Interrupted transfers waste time and bandwidth when a large file has to start again from byte zero. Resuming a partial download lets wget reuse the bytes already written to disk, which is most useful for large archives, unstable links, and scheduled recovery jobs.
GNU wget resumes with -c or --continue by comparing the existing local file size with the remote object and requesting only the remaining bytes. Current GNU documentation also notes that -c is only for a partial file left by an earlier run, because a single wget invocation already retries a dropped connection during the current transfer.

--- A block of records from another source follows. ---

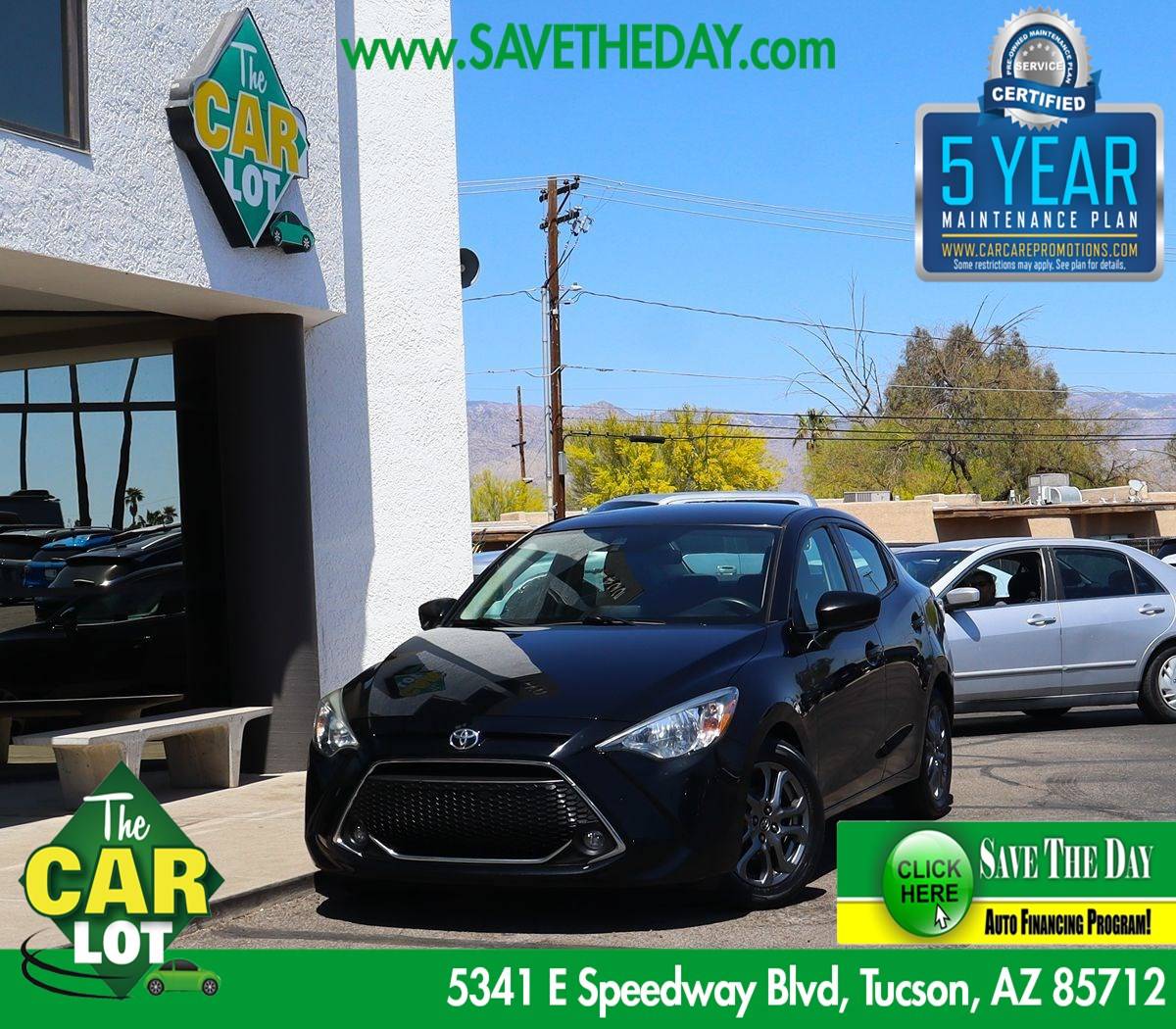 2019 Toyota Yaris LE — Sedan — 45,367 mi — Tucson, AZ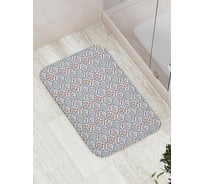 Коврик противоскользящий JoyArty "Мысленные цветы" для ванной, сауны, бассейна, bath_22003
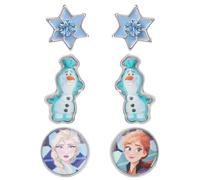 Disney Frozen SH00602RL.PH - Juego de pendientes, talla única, Metal, Sin piedra preciosa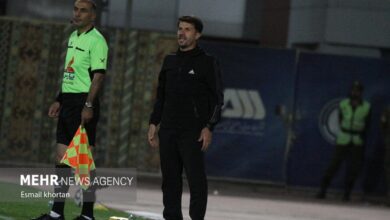 سرمربی ذوب‌آهن اصفهان برکنار شد؛ پایان تلخ حدادی‌فر در فولادشهر
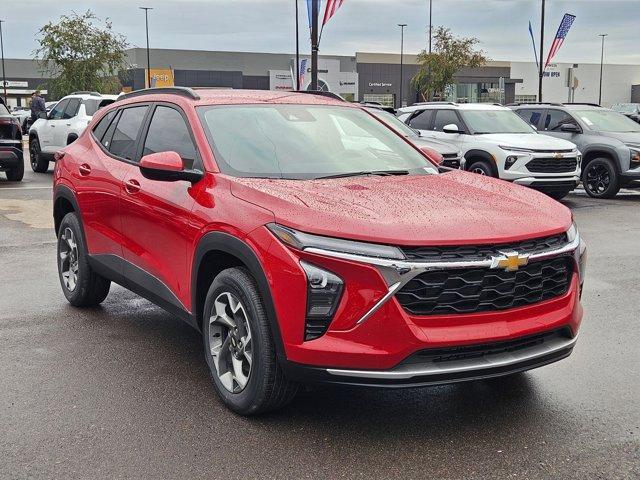 new 2026 Chevrolet Trax car, priced at $24,192
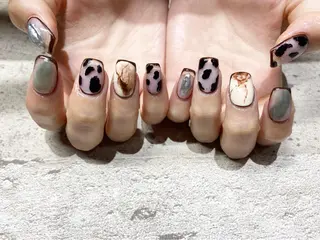 ネイル Angelcoco所属・Kobari Sayakaのネイルデザイン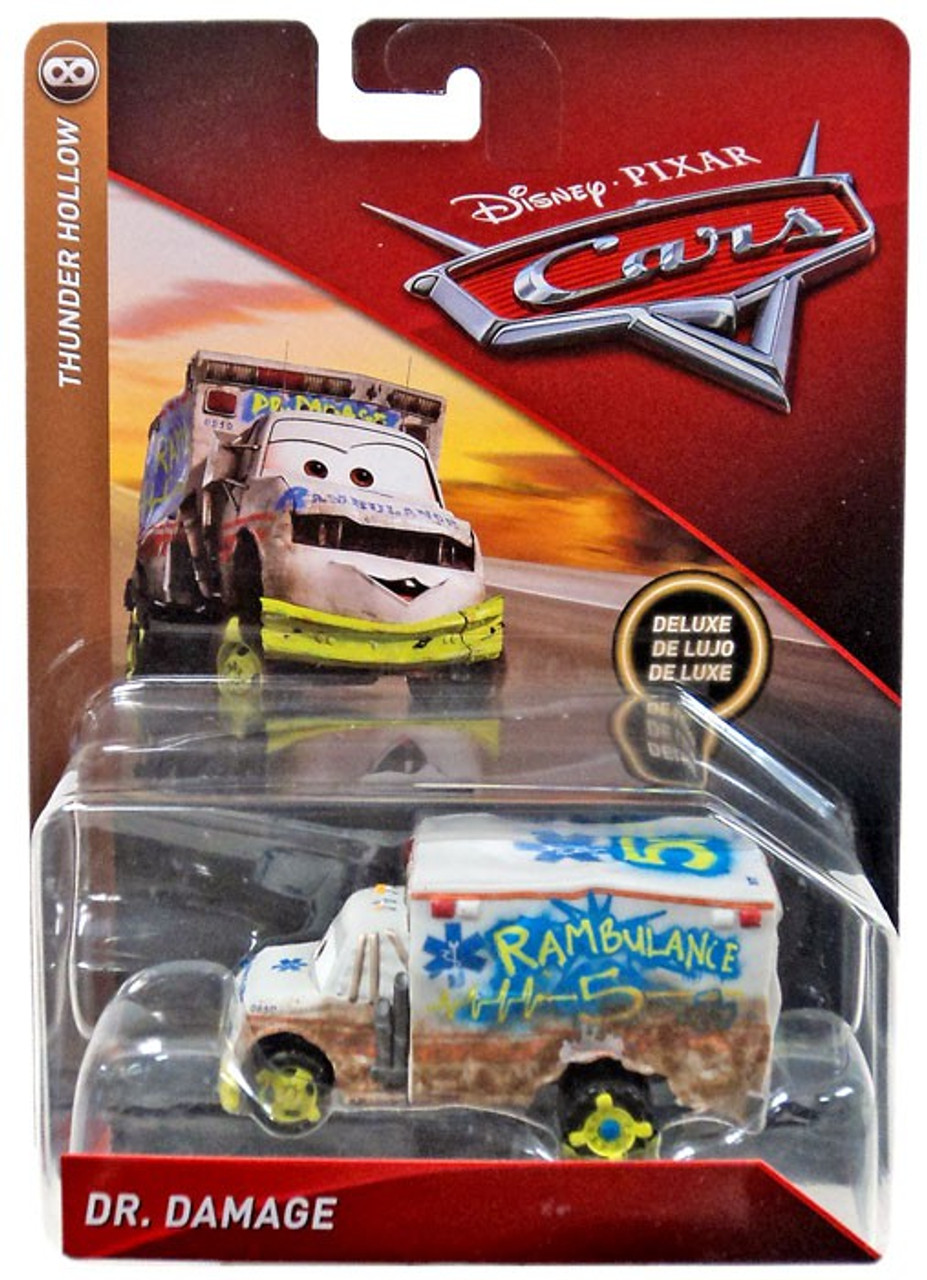 dr damage cars 3 toy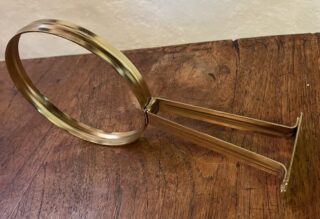 Aladdin Wall Bracket Brass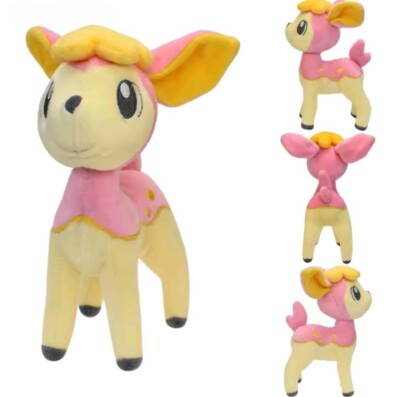 Sesokitz Deerling Pokemon Plüschtier 19cm Normal Pflanze Pokemon Stofftier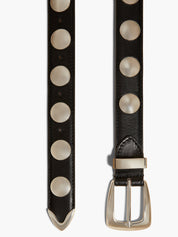 KHAITE | Benny Belt with Studs | The UNDONE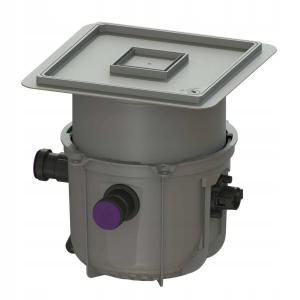 Przepompownia wody brudnej Minilift do zabudowy z pokrywą pod płytki (S)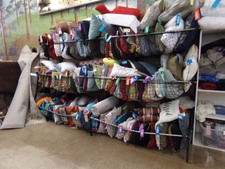 THROW PILLOWS ! Galore!  plus find bed pillows and linens in same area.  
$7.00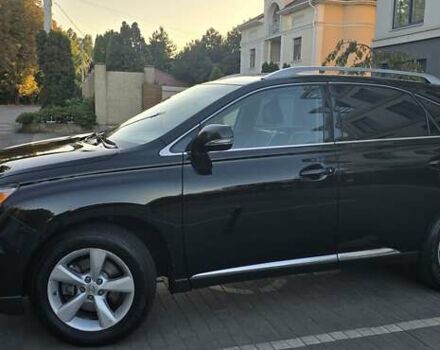 Чорний Лексус РХ, об'ємом двигуна 3.46 л та пробігом 168 тис. км за 20500 $, фото 7 на Automoto.ua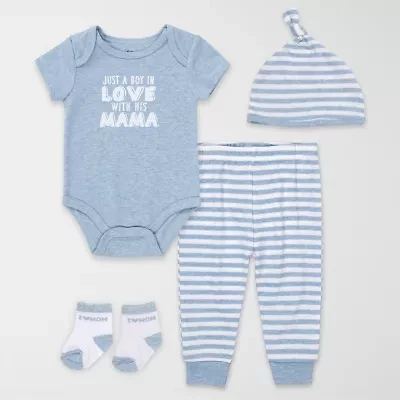 Baby Essentials Boys 2-pc. Pant Set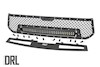Rough Country For Toyota Mesh Grille w/30" DRow Blk Series LED Cool 14-17 Tundra THUMBNAIL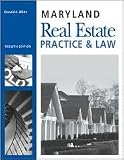 Maryland Real Estate Practice and Law 12th (twelve) edition Text Only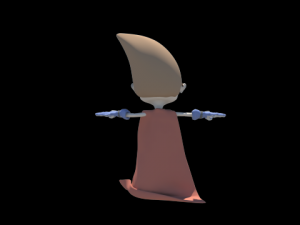 super kid Modelo 3D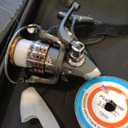 PLUSINNO Fishing Rod and Reel Combos - Carbon Fiber Telescopic Fishing Pole - Spinning Reel 12 +1 Shielded Bearings Stainless Steel BB (Full Kit with Carrier Case)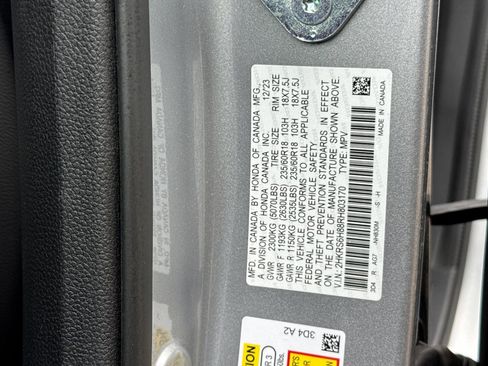 Certified 2024 Honda CR-V Sport-L image 22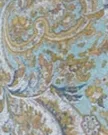 Babysitter Underwire Dress - Deadstock Blue Grey Paisley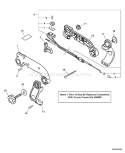 Page R Diagram and Parts List for PB-620 10001001-10999999 Echo Leaf Blower / Vacuum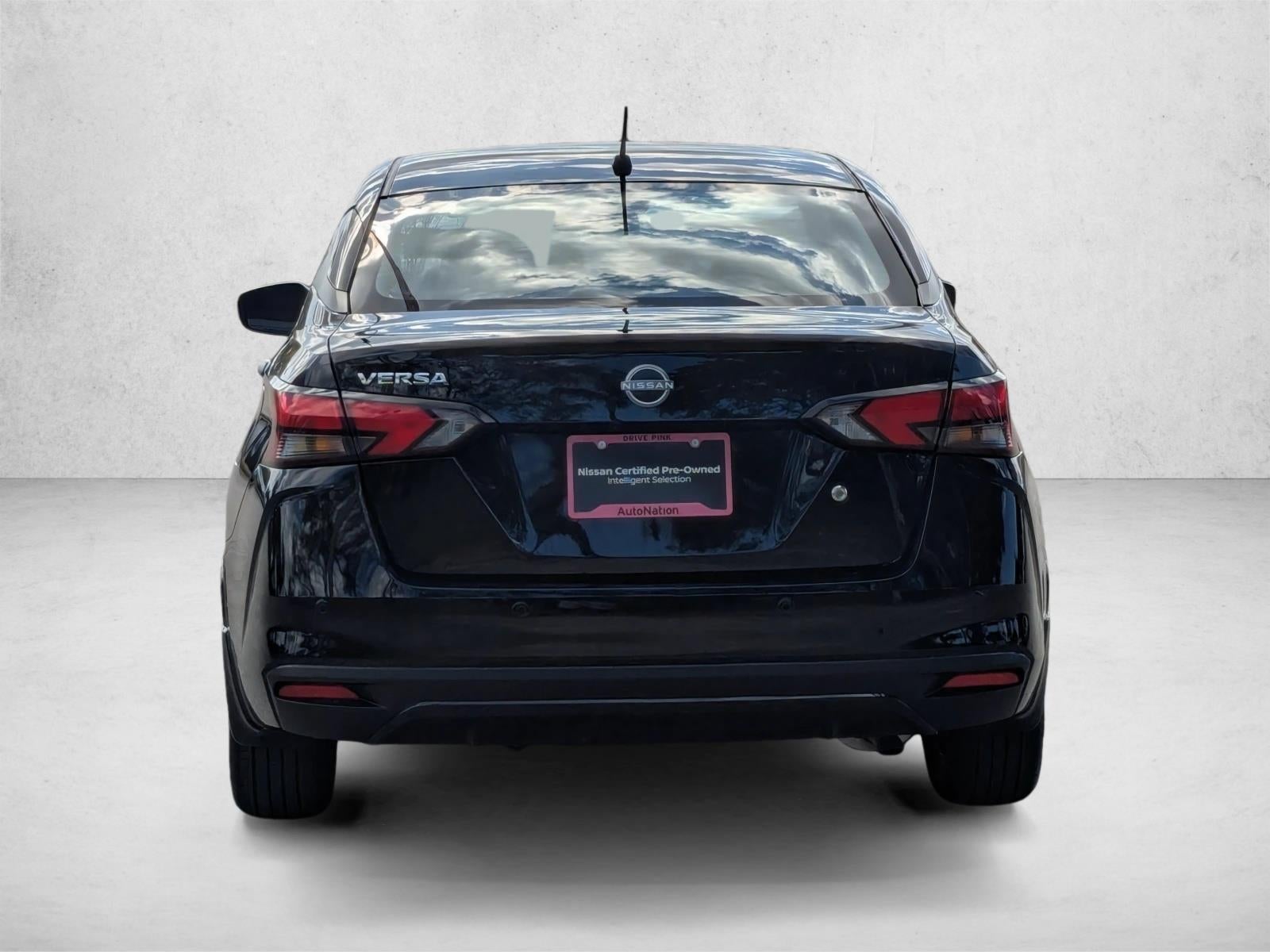 2025 Nissan Versa S CVT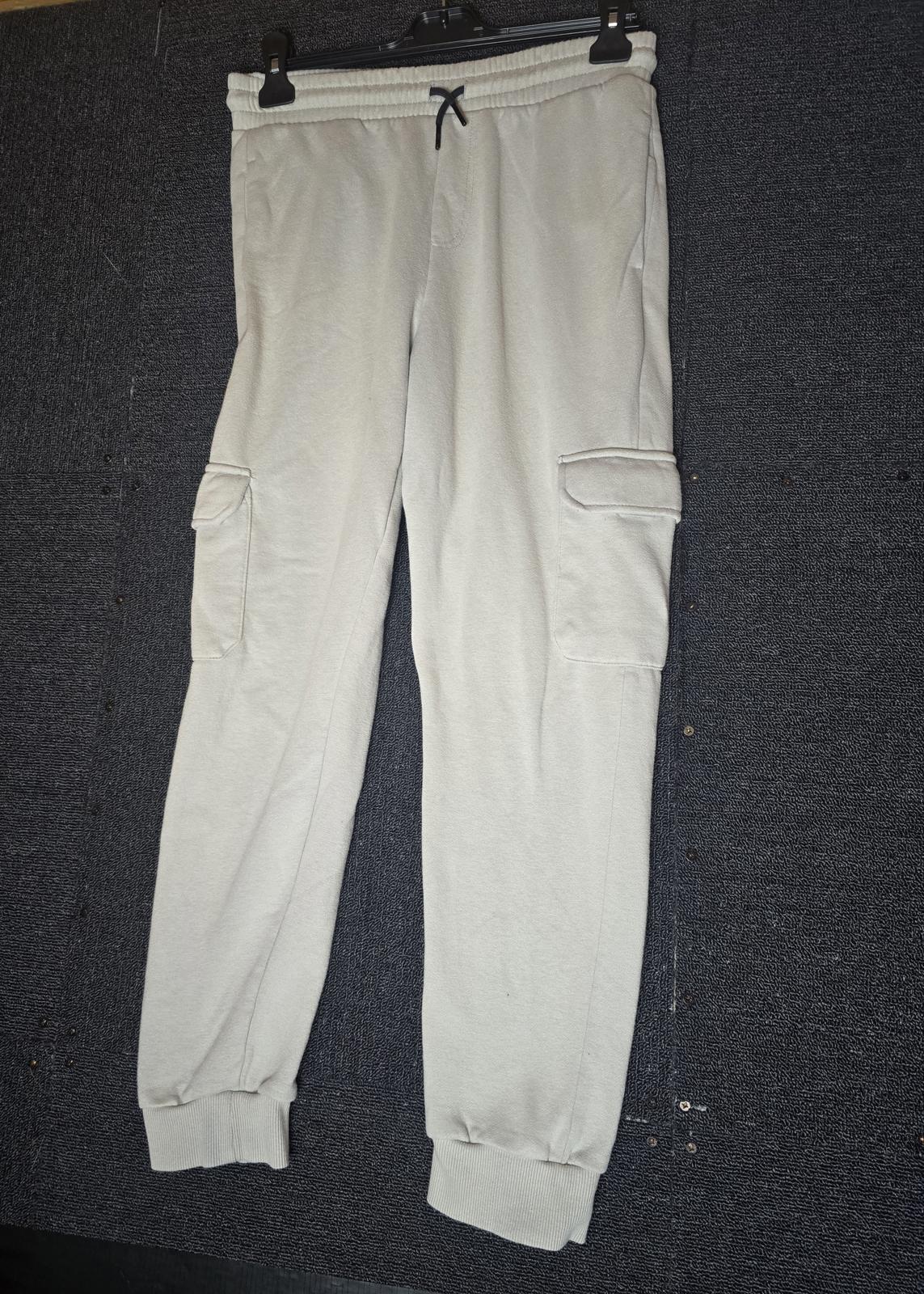 F&F beige cargo joggers boys 13-14years pockets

Resume is only safe when the local file is still a valid prefix of the remote file. If the server ignores ranged requests, wget -c restarts the download from the beginning and can overwrite the partial file, and if the remote file changed rather than simply grew, appending the remaining bytes can leave a corrupted result.
$ cd ~/downloads/releases $ ls -lh release-bundle.tar.gz -rw-r--r-- 1 user user 96K Jun 6 10:00 release-bundle.tar.gz
Resume matches the existing local filename in the current directory, so renaming or moving the partial file changes what wget can continue.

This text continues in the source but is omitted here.